Pp. 539-542 of volume 10-1 of Gauss's werke include entry 97 in Gauss's diary:
I have found new exact formulas for the parallax of the Moon.
as well as the formulas themselves (which were rather found in a different place than Gauss's diary) and an excerpt from his 1799 letter to the Prussian cartographer Karl Ludwig von Lecoq who was assisted by Gauss in his trigonometric survey of Westphalia. It is not a well known fact, but Gauss's first astronomical activity was done in this context (this was two years before his calculation of Ceres orbit), and Lecoq wrote in his "report on the trigonometric survey of Westphalia" that "In the astronomical part of the survey, the calculations of Gauss were of great help to me". It seems that determining the exact geographic location of points by means of astronomical observations was quite a common procedure in the 18th century.
I have not included Gauss's formulas here (the formulas are quite complicated) since I want to understand more about the context of the "lunar parallax problem" and not to immerse myself immediately in the mathematical details. I know that the ancient Greek astronomer Hipparchus used a kind of lunar parallax calculation during a solar eclipse in order to determine the distance to the Moon (he did it by comparing the details of the total eclipse and the partial eclipse observed in two cities whose distance was known). But I don't understand how it is possible that a complete description of the lunar parallax was not established yet in the end of the 18th century (if it was well calculated then I don't think that Lecoq should have needed Gauss's help), a time when spherical trigonometry was quite ripe and a lot of data was collected on the Moon's orbital parameters.
Also, I'm not sure I understand the complexity of this problem - Parallax in general is the angular shift in observed position of a distant object when the observer changes his location; so the description of the lunar parallax angle $\alpha$ seems to me to be very simple - $\mathbb{tan\alpha} = \frac{2R_E}{d}$ (here $R_E$ is the Earth radius and $d$ the Earth - Moon distance).
So I would like to understand what meanings were attached to the notion of lunar parallax in the 18th century, and to understand what was the main difficulty in the related problems.
Update
I now understand that determining the lunar parallax was crucial for exact calculations of the observer's geographic location - especially in surveys of "small regions" in global terms (such as Westphalia) where the accuracy needed is much higher (I guess the accuracy needed is 10's or 100's times higher than in more global surveys). This is because the change in observed lunar position consists of the change in zenith direction (of the earthly observer) and the parallactic change due to the change in observer location. That is, when an observer changes his earthly location he can deduce his geographic location directly from the change in the background of fixed stars, but if he uses the Moon as a reference (which is much closer to us than fixed stars) he has to remember that the change in observed lunar position is not only the result of his zenith rotation but also of the Moon's parallax.

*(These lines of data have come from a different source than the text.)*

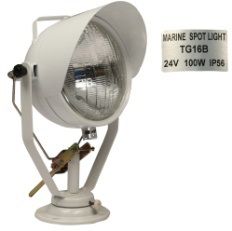 Electric TG16B Marine Spot Light, Voltage : 12-24 Volts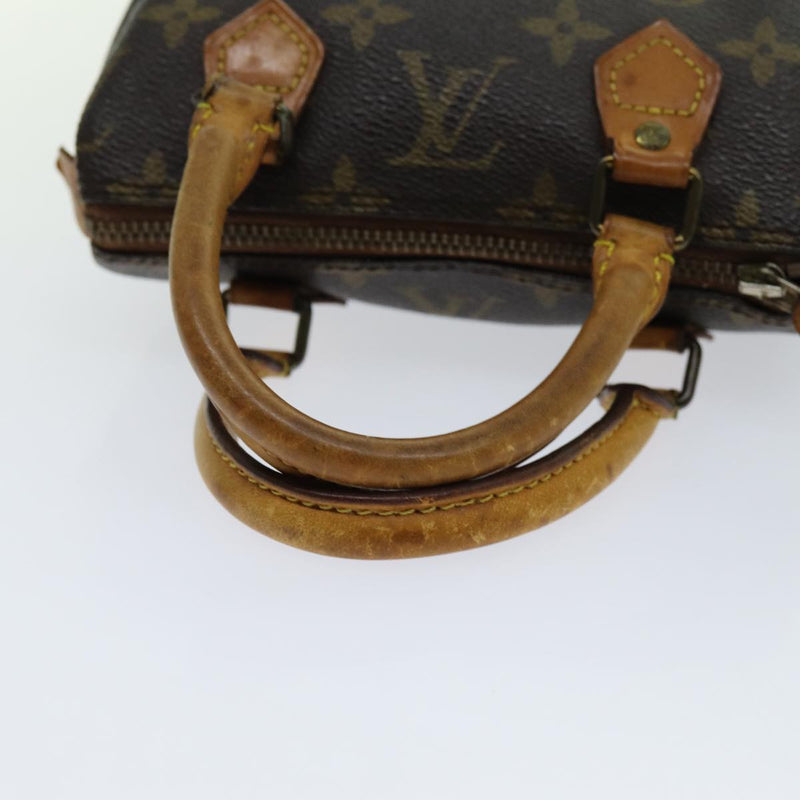 Louis Vuitton Mini Speedy Hand Bag Lv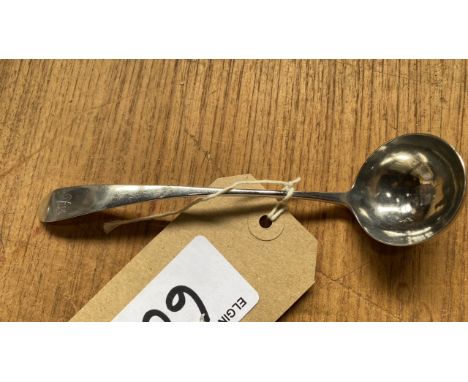  Sale Item:    BANFF SILVER TODDY LADLE IK   Vat Status:   No Vat   Buyers Premium:  This lot is subject to a Buyers Premium 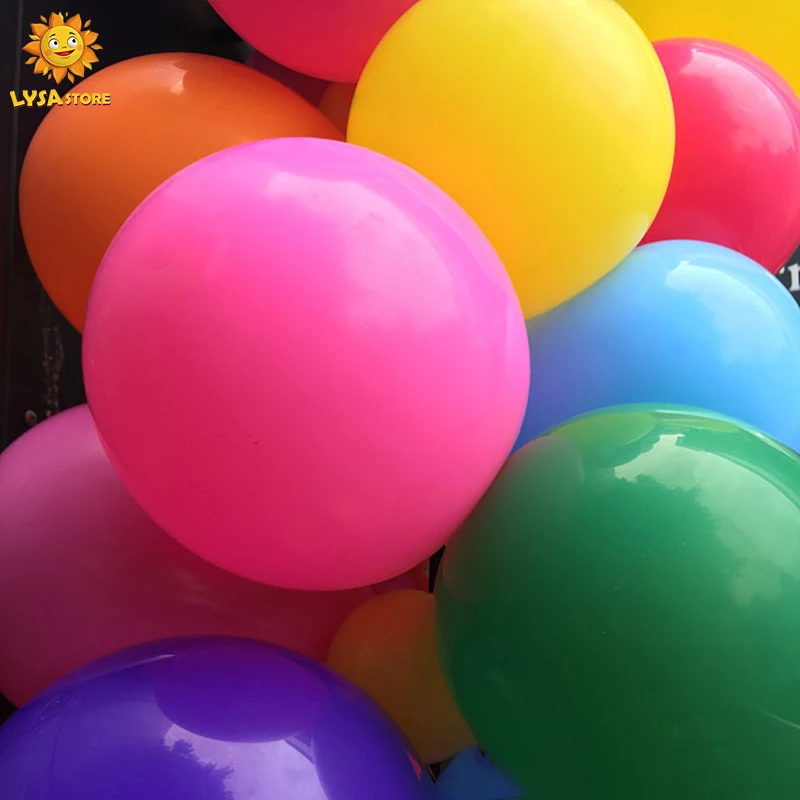 

5-18inch Matte Balloon Wedding Happy Birthday Party Baby Shower Decoration Baloons Children's Toys Romantic Valentine's Day Gift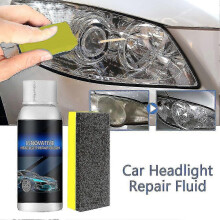 (1pcs) Headlight Repair Polish, Headlight Renewal Polish, Powerful Advance Headlight Repair Polish Keep Clear Headlight Coating For Car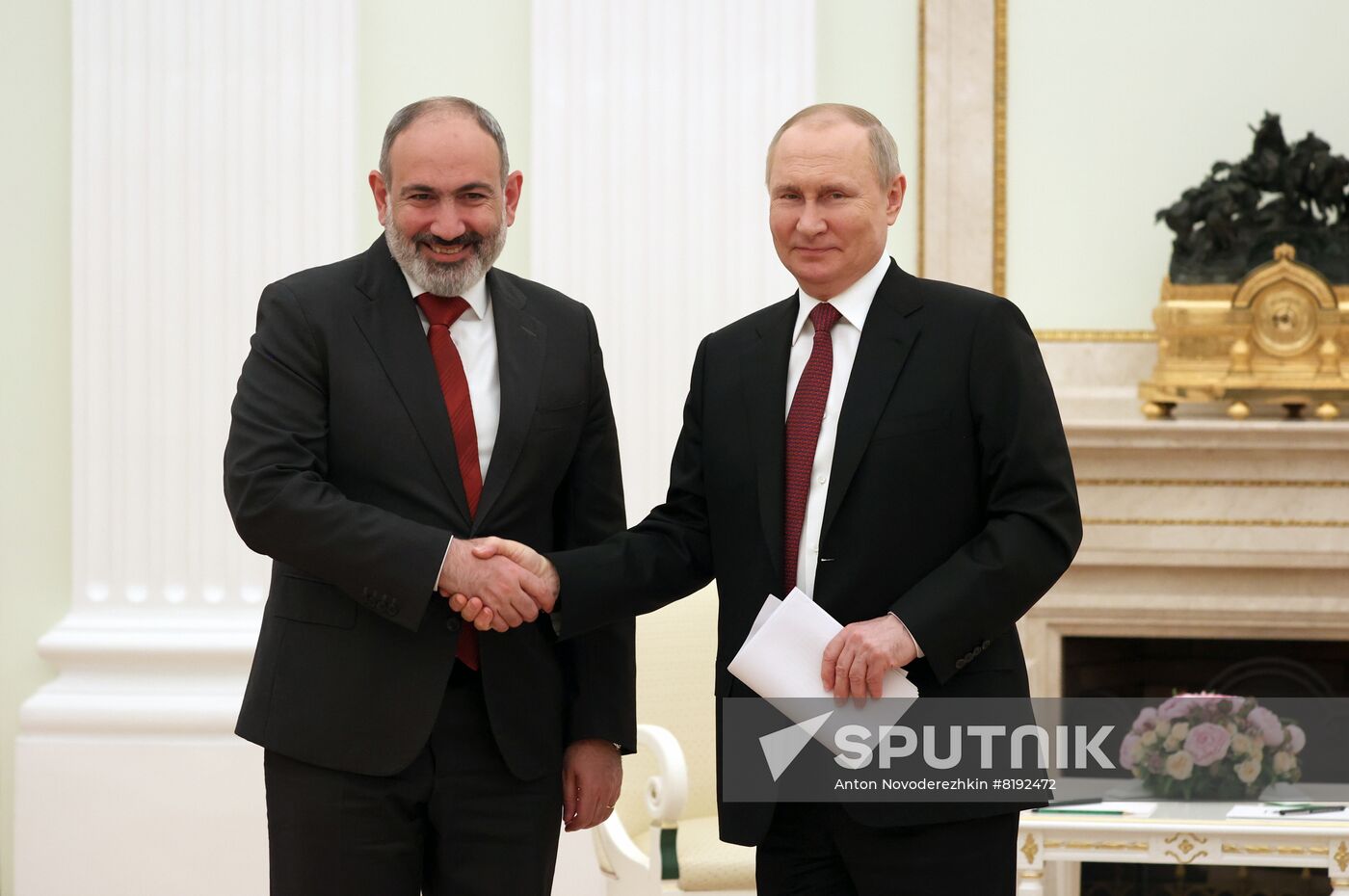 Russia CSTO States Leaders Summit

Therefore, to avoid errors one has to separate the parallax part from the first part in order to determine the change in zenith direction (which amounts to determining geographic location). I don't know why 18th century surveys had to use the Moon instead of some fixed stars, but in any case, if one uses the Moon, they are led to an interesting geometric problem.
Although the magnitude of parallax correction $\pi '$ can be easily determined by observing the Moon altitude $a$ - as in terry-s's answer, it satisfies the equation $\mathbb{sin} (\pi ') = \mathbb{cos}(a) \cdot \mathbb{sin}(\pi) = \mathbb{cos}(a) \cdot (\frac{R_E}{d})$ (sine theorem in euclidean trigonometry) - determining the direction in which the parallax correction should be applied (in order to find the exact direction of observer's zenith) seems to much more complicated as it depends on the lunar declination (which changes from 18 to 28 degrees and back during a month), the hour angle, as well as the observer's latitude and longitude.
Thus, in terms of data obtained by observing the Moon's position in the sky, the direction of parallax correction seems to be a complicated function of the Moon's altitude and azimuth as well as the timing of the observation, so determining the observer's latitude $\theta$ and longitude $\varphi$ by this method turns into a complicated trigonometric equation in unknowns $\theta,\varphi$ and coefficients that depend on the lunar position (azimuth, altitude and day of the month). This explains the apparent complexity of Gauss's formulas.
Question
Apart from deciphering Gauss's formulas, I also fail to understand why cartographers needed to use the Moon's position (a process that is prone to complexities) instead of using some fixed stars? Is it just because the Moon is the simplest celestial body to find at night?